We have to address all the balancing issues. One of the biggest problems with the game was that newcomers would be destroyed upon entering a game for the first time, and were being killed with weapons that you couldn’t get yourself until you played for another ten hours. We’re going to change all that.

There was also a lot of content in the game that was either never quite finished or not released, and so we’re looking at – in the first phase of development – bringing that into the game.

There was a patch for APB that was never released that improved the games driving and shooting elements – two areas the game was widely criticised on.
Yes it was called patch 142, and one of the first things we want to do is finish it and implement it.

APB was built on its user-generated content, is that one of the game’s main elements you want to bring to the free-to-play market?
Absolutely, because one of the many weaknesses of the free-to-play market is that it’s praised user-gen content for a while, but it’s been hard to implement.

So the purchase of APB, which has some of the most sophisticated user-generated content I’ve ever seen, is for us a massive competitive advantage.
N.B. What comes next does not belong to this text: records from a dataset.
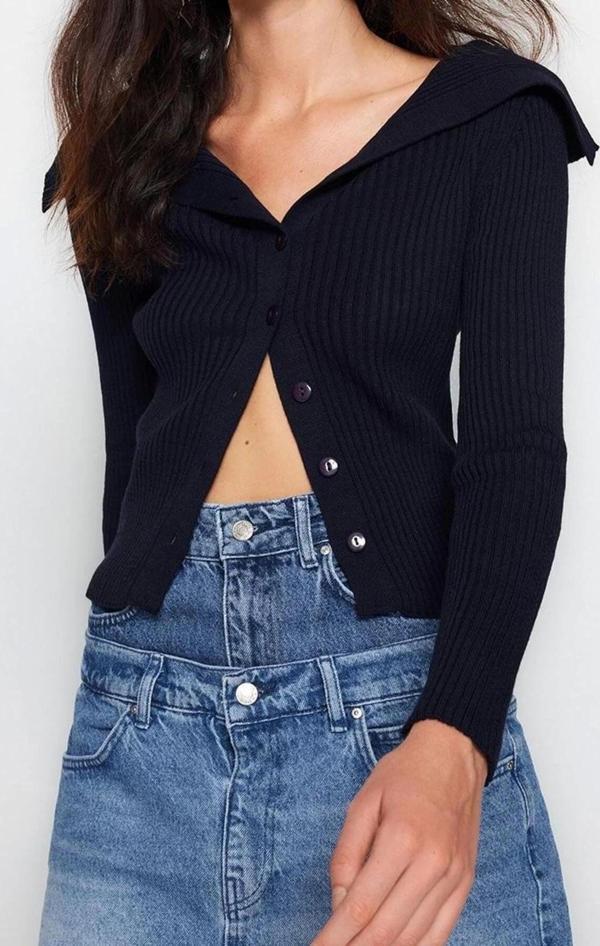 Kadın Modern Tarz Slim Devrik Yaka Regular Triko Hırka - Image 1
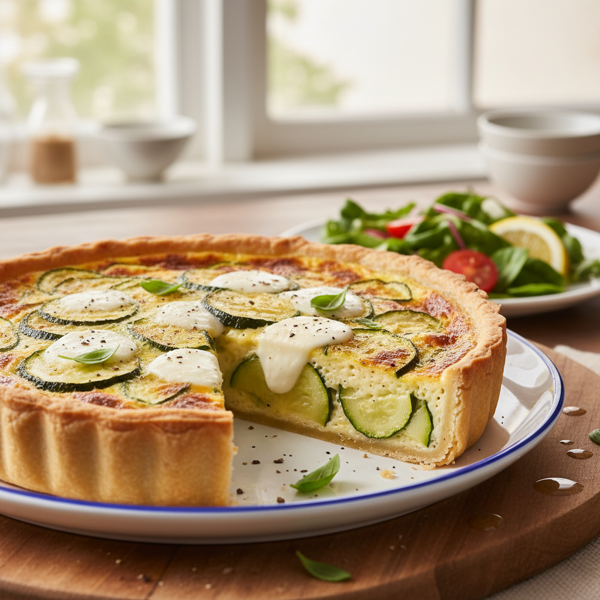 Creamy Zucchini and Mozzarella Quiche recipe
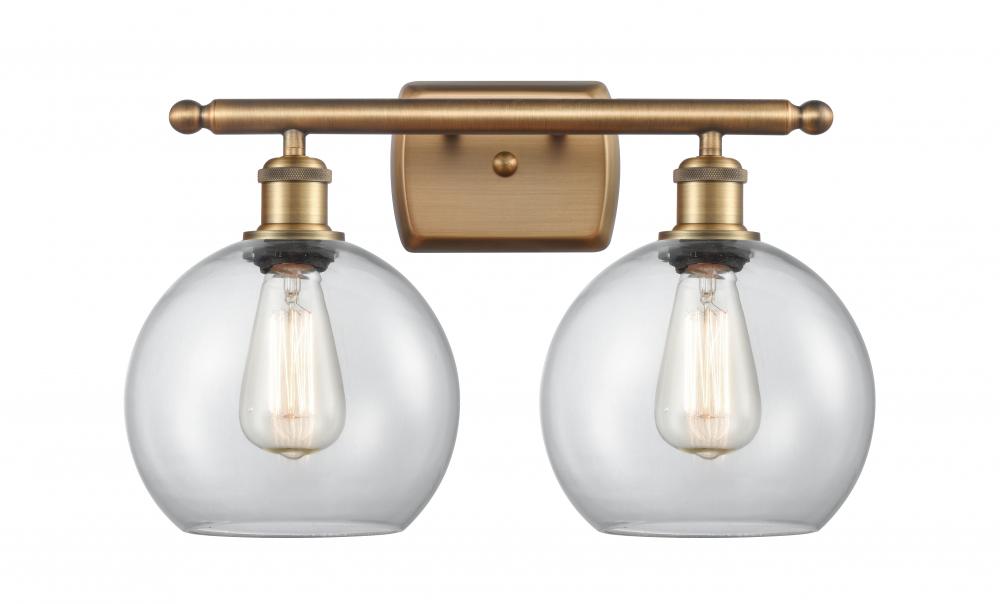 Athens - 2 Light - 18 inch - Brushed Brass - Bath Vanity Light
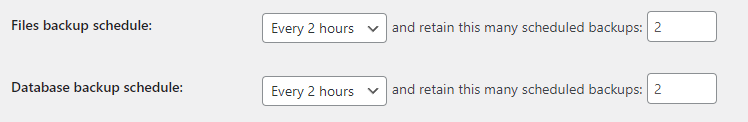 Files backup schedule every 2 hrs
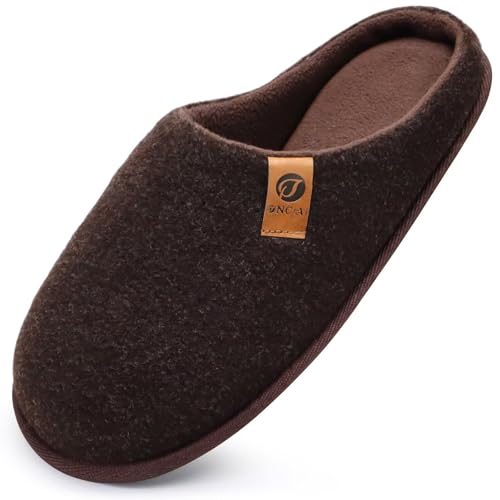 ONCAI pantoufles hommes mousse mémoire tricot feutre brun taille 11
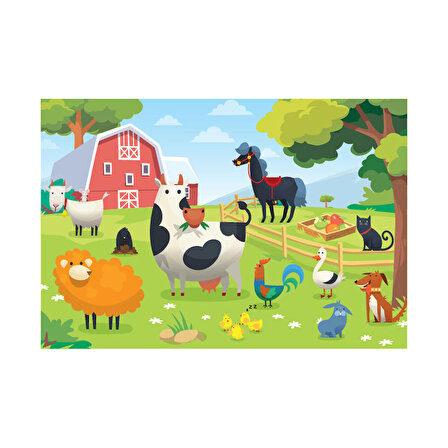 Blue Focus Farm Animals 6+ Yaş Büyük Boy Puzzle 24 Parça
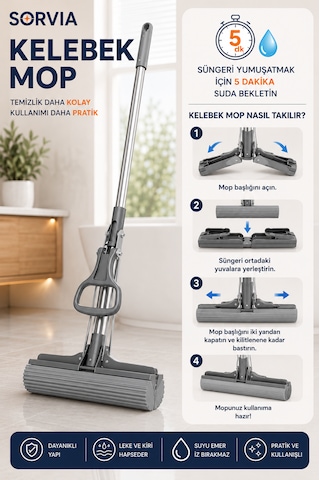 Kelebek Mop Kendinden Sıkmalı Pva Sünger Mop 124 Cm Çelik Saplı Yer Silme Ve Zemin Temizlik Mopu Kıl Tüy Toz Toplayan Temizlik Seti Kelebek Mop Kendinden Sıkmalı Pva Sünger Mop 124 Cm Çelik Saplı Yer Silme Ve Zemin Temizlik Mopu Kıl Tüy Toz Toplayan Temizlik Seti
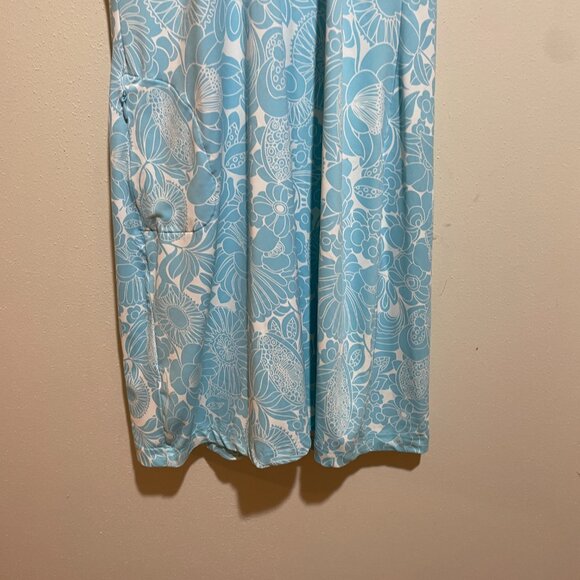 Title Nine Cirque De La Vie Blue Floral Strappy Criss Cross Back Dress Twiggy - Picture 8 of 13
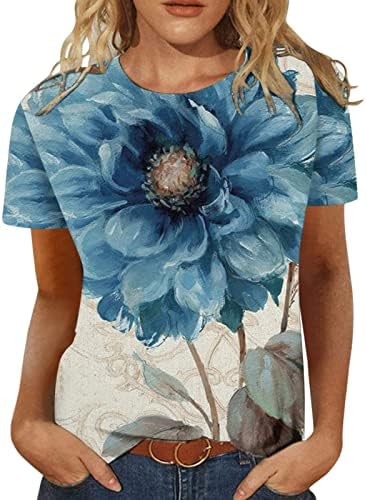 Mulheres Floral T SHISTES Moda de verão Casual Round Round Round Blouse de t-shirt de manga curta solta 2023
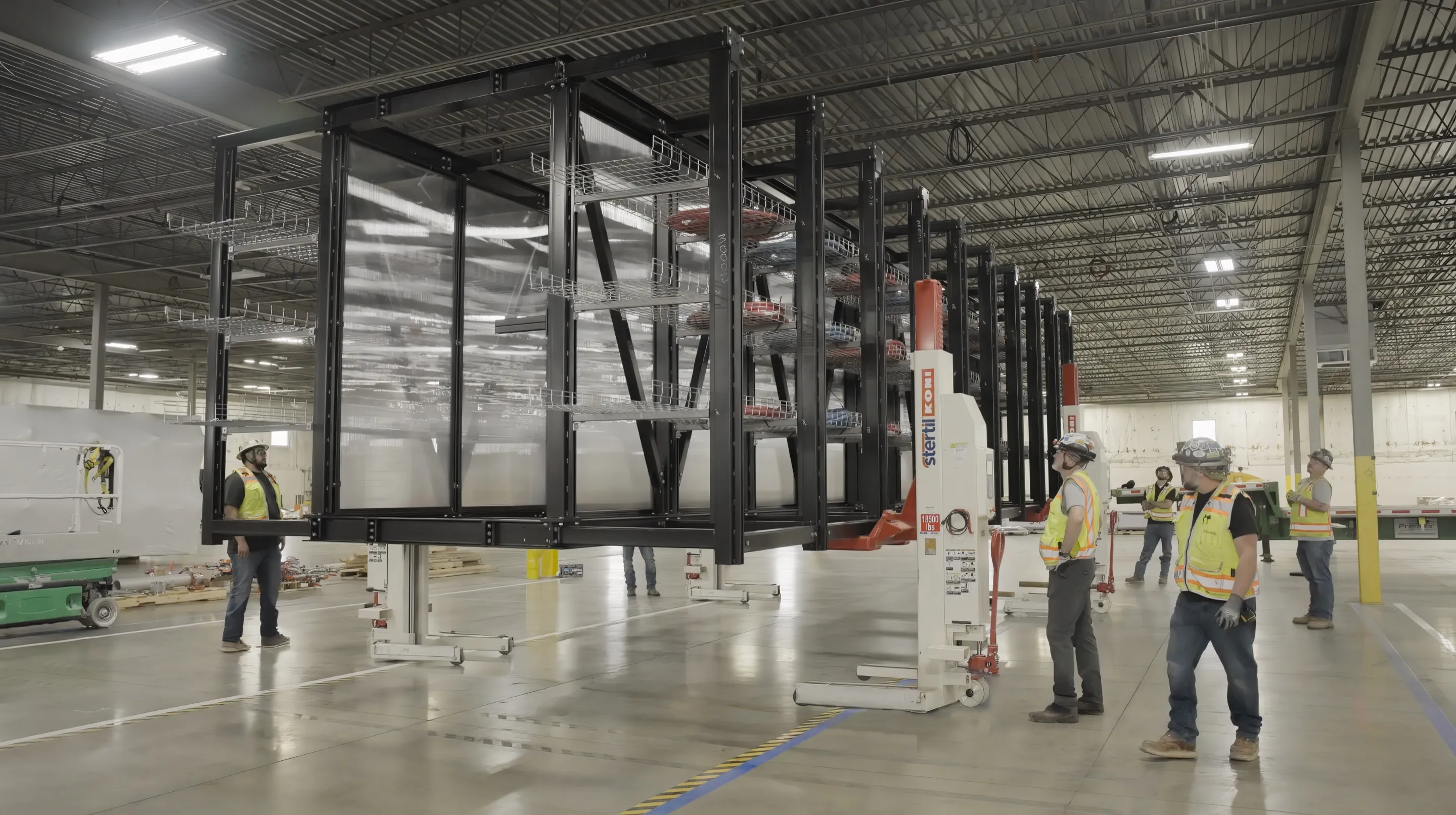 Crews installing a factory-built modular infrastructure platform inside an Accelevation manufacturing facility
We see APB as a platform on which we launch new types of gameplay mode. At the moment APB has only one type of play mode, but we see there’s room for a number of different ways to play in this expansive open world.

Such as?
Can’t say just yet.

A lot of people eventually lost faith in APB and gave up on it. What would you like to say to that market?
Well we really hope they will come back to the game and talk to us about what changes they want us to make. One of the key things we do is take feedback in two ways; direct communication and play analysis. We always incorporate that data back into the games.

Will you change the name on the box?
For the time-being we’re just calling it All Points Bulletin, though we might very well officially release the game as All Points Bulletin: Reloaded, hence Reloaded Productions.

What do you feel went wrong with Realtime Worlds’ project?
I think there was this Frankenstein way of reaching out to the users and customers, with an EA distribution model combined with an online MMO and a free-to-play element as well. It just didn’t work.

If someone ran out of game time and couldn’t pay for more, that in turn put their friends off buying more. It was a domino effect waiting to happen.

In the free-to-play world it’s all about building friendships, building clans, building communities. If they want to get competitive, then they’ll pay.

Also, APB was sold at retail. The packaged games model offers about 30 days for a title to sell, and then it goes off the radar. But with free-to-play your games are effectively ongoing, where you build a dedicated user-base and communicate with them.

I think Realtime Worlds were clearly a very talented team, but the expectations on the games were far too high and the studio spent accordingly. I actually think if the studio had more time it could have turned it around.

And as I said, in the retail release model you have thirty days to prove your worth – which APB tried and failed to do – whereas in the online world of free-to-play you have much more time to prove yourself. That’s what Realtime Worlds needed, but obviously it was working on a cruel model.

We expect to build a large fan base for the game over a long period of time. Look at Eve Online – it started out a small title and grew into what it is today.